# EXERCISE
Starting at the line with "The Weeknd sings", return every line through the final one of the data, word for word. Pictures stay out.

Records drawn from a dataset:
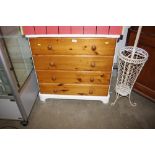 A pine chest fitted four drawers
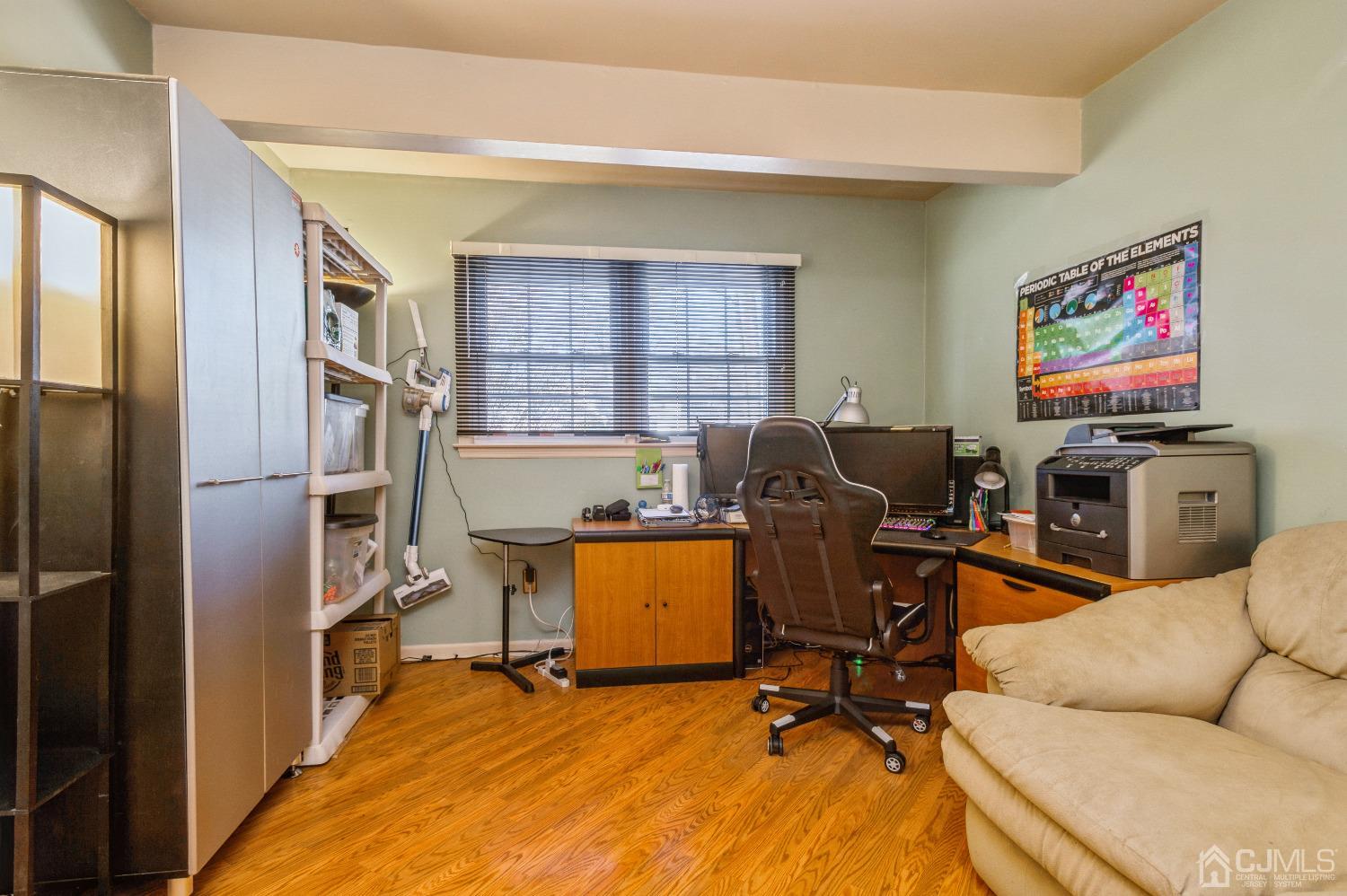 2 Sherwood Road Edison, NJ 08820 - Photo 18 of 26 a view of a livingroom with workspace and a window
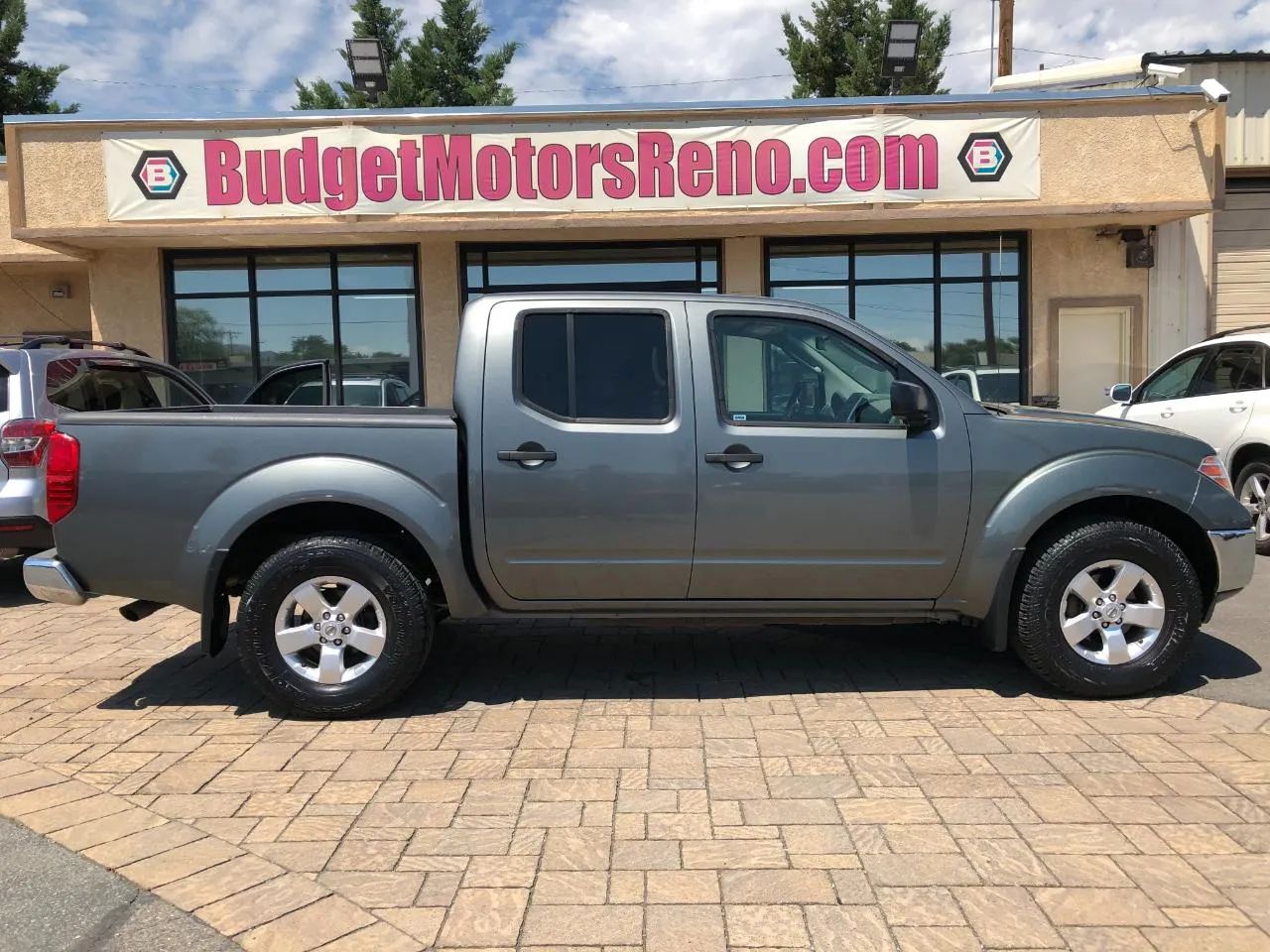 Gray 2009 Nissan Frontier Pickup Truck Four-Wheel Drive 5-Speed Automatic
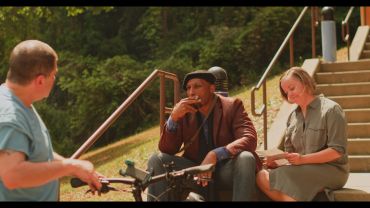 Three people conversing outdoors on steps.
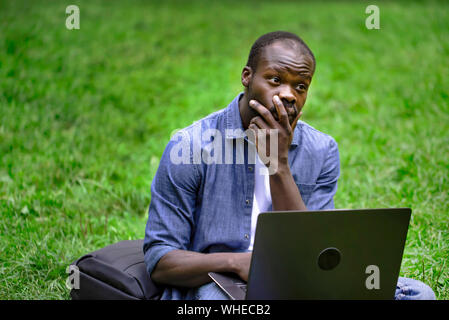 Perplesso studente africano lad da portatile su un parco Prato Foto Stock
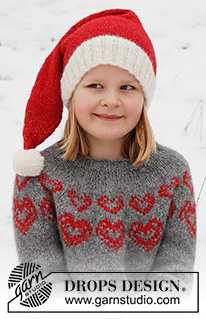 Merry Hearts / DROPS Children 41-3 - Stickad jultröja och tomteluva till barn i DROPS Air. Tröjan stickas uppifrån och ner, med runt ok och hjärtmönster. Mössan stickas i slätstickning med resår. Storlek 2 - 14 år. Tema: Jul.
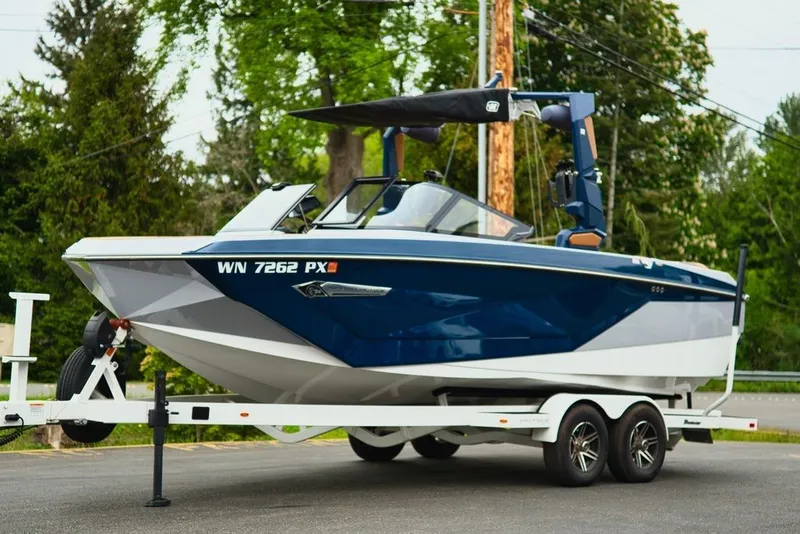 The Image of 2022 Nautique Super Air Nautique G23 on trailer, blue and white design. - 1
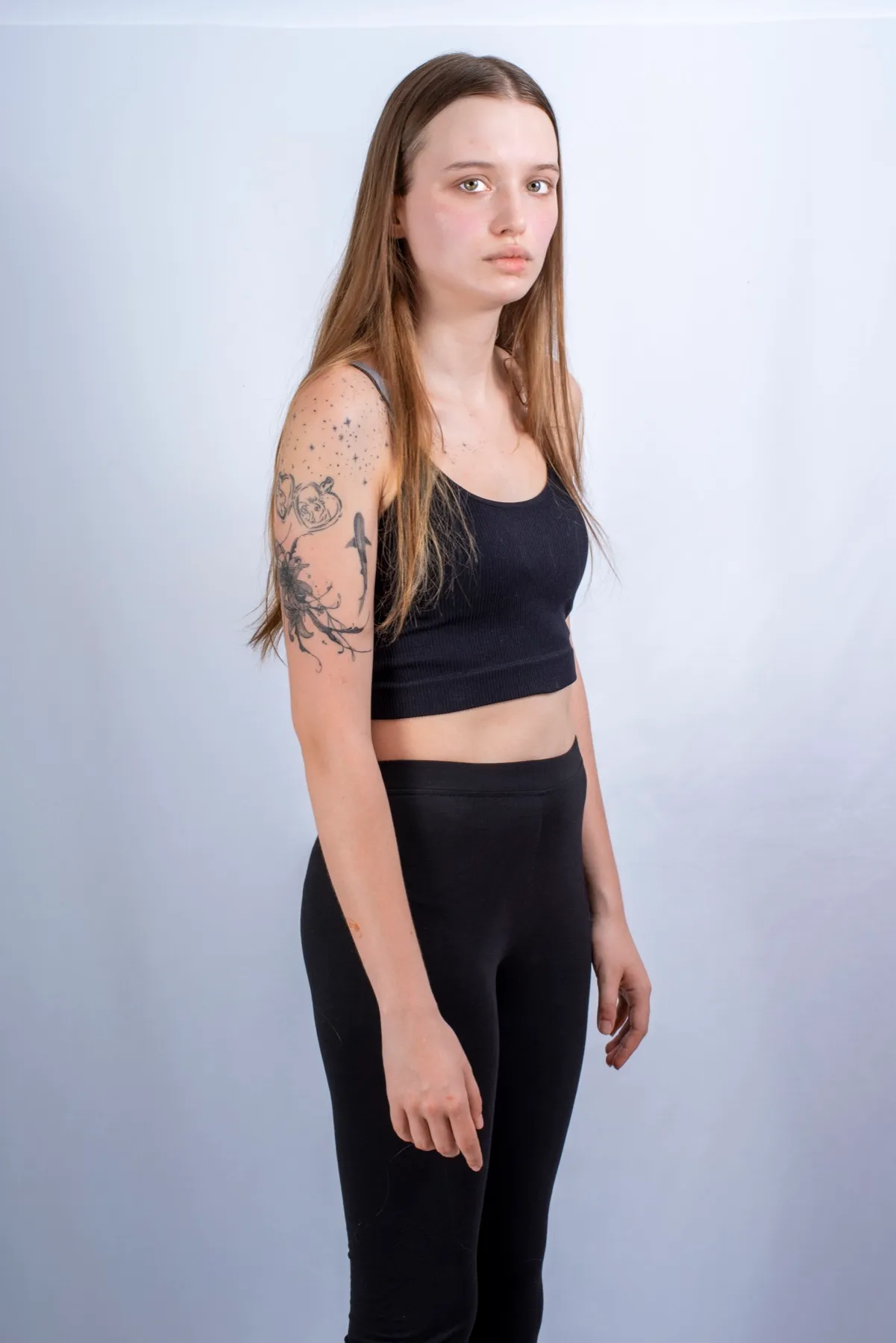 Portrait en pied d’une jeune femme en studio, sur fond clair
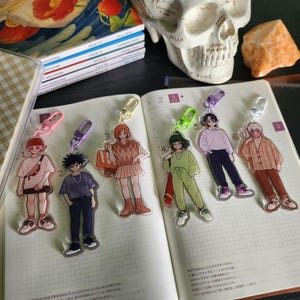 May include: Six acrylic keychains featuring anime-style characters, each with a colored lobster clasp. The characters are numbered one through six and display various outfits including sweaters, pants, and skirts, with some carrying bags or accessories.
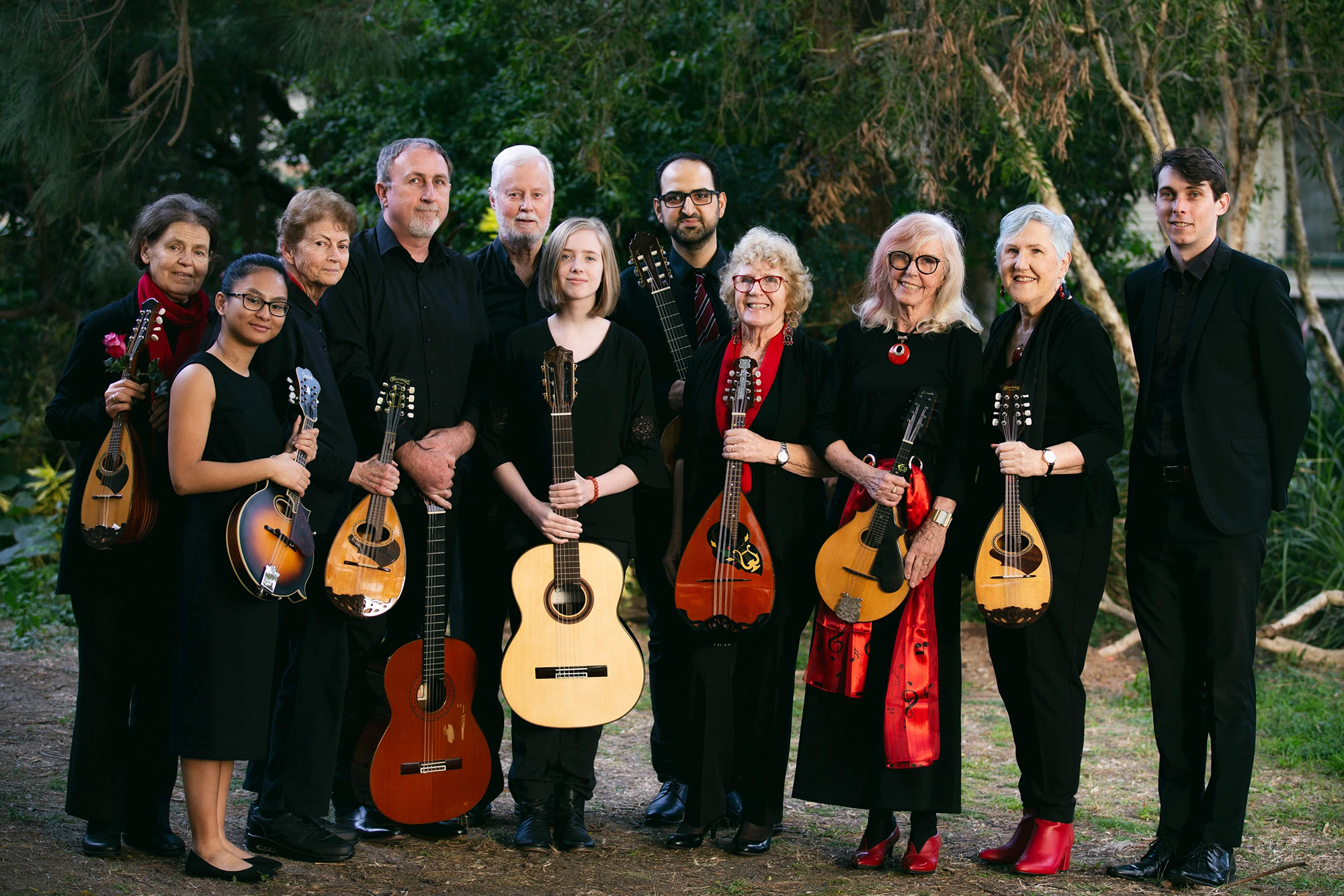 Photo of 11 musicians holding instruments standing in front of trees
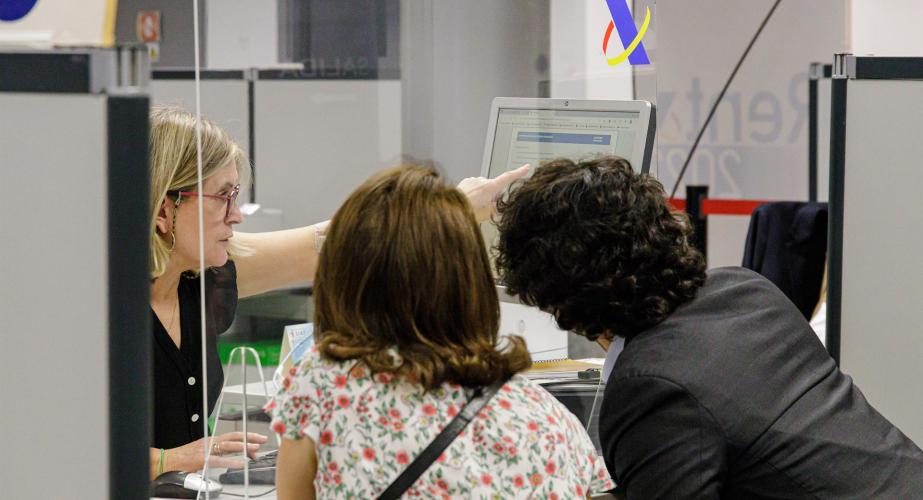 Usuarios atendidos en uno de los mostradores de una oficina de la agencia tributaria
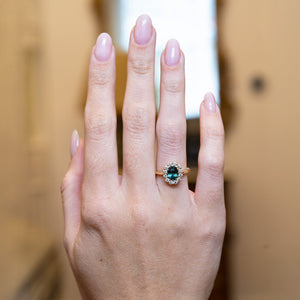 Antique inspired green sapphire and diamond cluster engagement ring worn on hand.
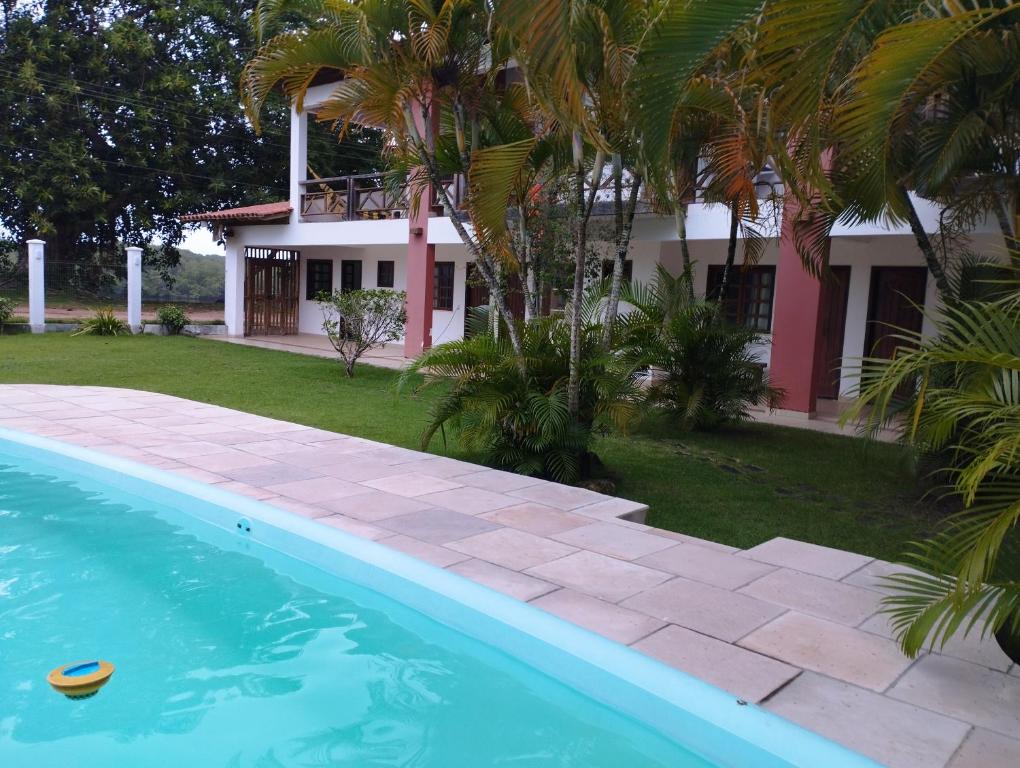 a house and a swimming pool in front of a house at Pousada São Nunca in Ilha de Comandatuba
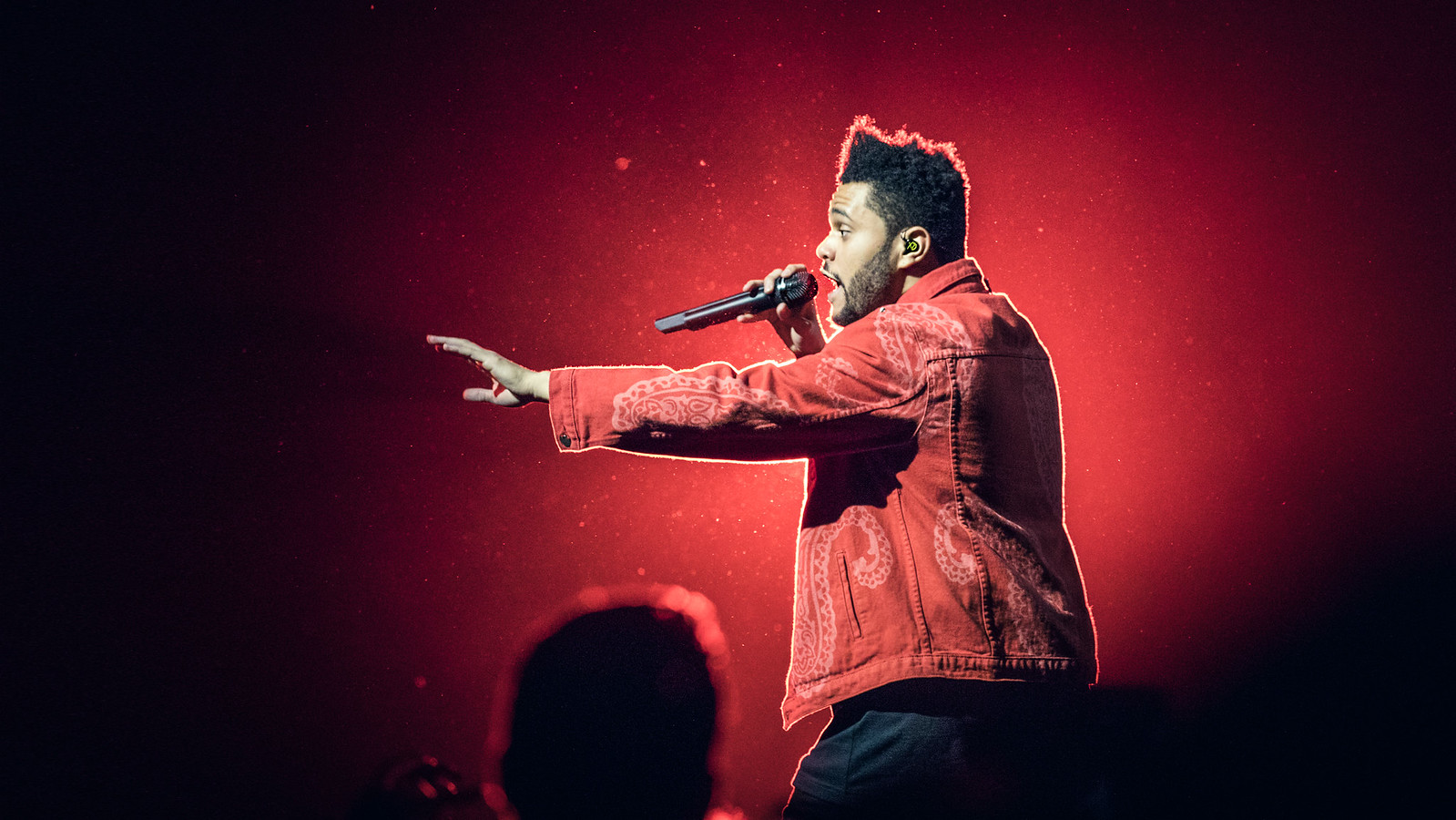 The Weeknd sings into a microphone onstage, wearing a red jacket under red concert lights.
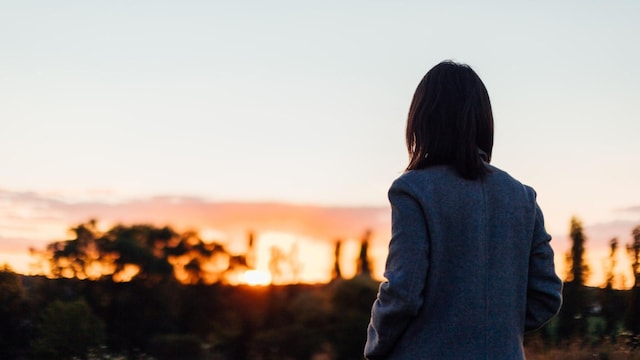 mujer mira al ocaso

# PROBLEM SOLUTION
 The Weeknd sings into a microphone onstage, wearing a red jacket under red concert lights.
 mujer mira al ocaso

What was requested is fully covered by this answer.